Vote against withdrawal
Donna Cotton speaks for many people in Glenburn and Veazie and has a very valid point (“Eyes are open,” Letters, March 12). Returning fiscal oversight to the member towns of RSU 26 is, in my mind, necessary and ethical. However, there is a far less drastic and painful method of doing so than withdrawal: rewriting the charter under which we operate to accomplish the same thing.
Any such document is written at a point in history. When times change or unforeseen consequences arise, it is incumbent on the organization to revisit and change it. Heck, if our U.S. Constitution had not been amended, this vice chairperson would not be able to vote, let alone hold office.

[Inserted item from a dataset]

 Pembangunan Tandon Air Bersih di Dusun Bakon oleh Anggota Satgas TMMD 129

In other than fiscal matters, the RSU has achieved things that would have been much harder for our towns as standalones. We have pre-K so more students enter kindergarten well prepared. Our alternate education program allows students who would have slipped through the cracks to succeed. A recent presentation showed the amazing results when three towns’ teachers work together on curriculum.
I wrote this letter as a private citizen. However, in my official role at our last board meeting, I outlined this option and declared my full resolve to pursue it. I entreat Veazie and Glenburn residents to just this one time vote against withdrawal and join me in pursuing an option that would not divert money from education to legal fees or cause our towns to be bitterly divided between proponents and opponents.
Julia Emily Hathaway
Marriage and government
As the marriage equality debate heats up, I am reminded of the wedding of a very good friend that almost did not take place. A hurricane was scheduled to make a direct hit on their planned outdoor wedding. Friends and family scrambled to find an indoor venue (a church) and work through associated details on extremely short notice.

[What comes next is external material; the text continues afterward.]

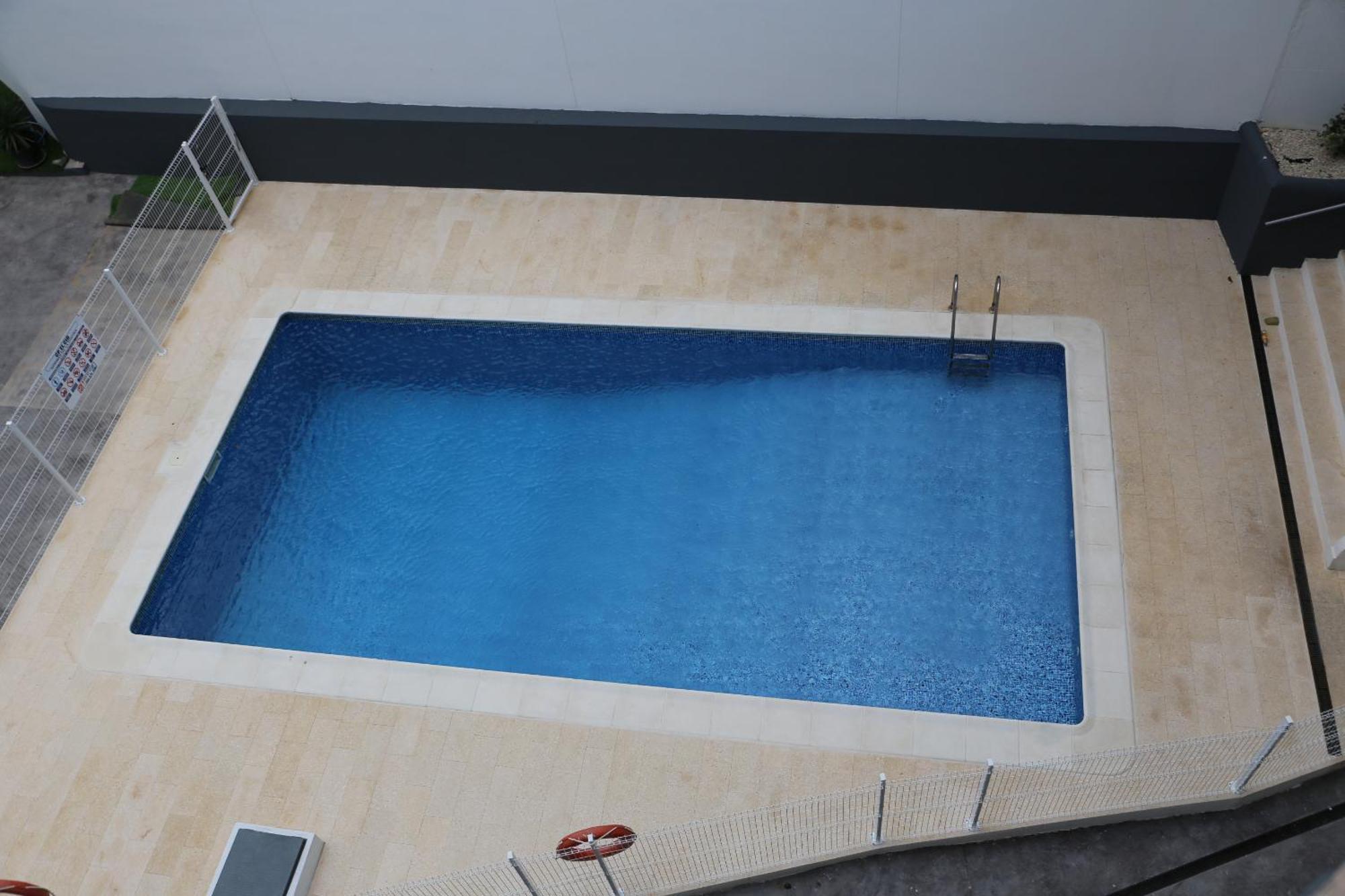 Apartamento El Cid กัลเป ภายนอก รูปภาพ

What almost brought the wedding to a screeching halt, however, was not the impending storm. The morning of the big day, the minister refused to perform the ceremony. This was not on religious grounds or due to a question of faith, commitment or (perish the thought) sexual orientation. In all the hoopla, my friends had neglected to get a marriage license.
Without this blessing from the reigning government entity, the church official was unable and unwilling to unite this devoted heterosexual couple. So much for all those arguments that say that marriage is a contract with God.
The truth is that marriage is a government-sanctioned union. As such, let us go forth and skip the argument that marriage is exclusively for those of a chosen religious faith that have the potential to procreate. Marriage is a right that should be available to all regardless of race, religion, sexual orientation or political party.
Dem, but no Obama fan
I have voted in every presidential election since John F. Kennedy was elected, not always following party lines, and will continue to do so as long as I can make a mark.
I am very upset with the performance of our current president, but it seems that I am the only Democrat in this country that feels this way. I find it hard to believe that not one Democrat has stepped forward to challenge him. I feel that he has done more to damage the security and stature of this great country than any president in the past.
If there is something I am missing as to his usefulness as our leader, I would very much like to find out before the elections. As it stands right now, I will vote against him, even though the alternative choices would not be my choice at a less critical time for this country.
We need a president who will stand up to the other world leaders when they threaten us, who will put the safety and security of our country first, who will listen to the will of the people and who truly loves his country.
Snowe’s Iraq legacy
Last year, I wrote a letter to the editor about Senator Snowe’s long string of votes to start and feed a hellish war against Iraq. She has now decided to not seek a fourth Senate term. The damage she did by backing Bush’s war dwarfs anything else she may have done with her time during her too-long tenure in Congress.
It’s nice that she’s finally on her way out; here’s hoping the same goes for abominable politicians who have started beating war drums, this time against Iran. All those vying for her vacant Senate seat should tell how they would vote on backing the attack on Iran that’s now being threatened by Israel, and seconded by its troops of toadies.
Save Efficiency Maine
It is a cagey, sly means to an end.
In January 2011, Gov. LePage said he would not change state laws and regulations that are “based in science and are common sense.” He promised not to destroy the years of environmental work that legislatures had crafted and made Maine the envy of many across the nation.
Promises, promises. Near the end of the second session of this Legislature, the governor has shown his true stripes.
He has given the public less than a week to respond to his effort to eviscerate the very successful Efficiency Maine Trust, an organization outside the political squabbling that has become our democratic process.
The one essential truth is that using less energy makes the most common sense for Mainers. By reducing wasted energy dollars through efficiency measures, people are more comfortable and spend fewer dollars on heating, enabling them to be involved in the local economy by choice. It is easily possible to save 25 percent of a household’s energy dollars and Efficiency Maine is providing that to thousands of homeowners and businesses.
Not only is the governor violating the trust by politicizing it, but he plans to open the funds to the general sweep. This is not based on common sense nor is it supportable by science.
Efficiency Maine Trust should remain a quasi-public entity so it can perform its mission to reduce energy use to help all Maine people. Call your legislators and ask them not to support the governor’s efforts in LD 1864.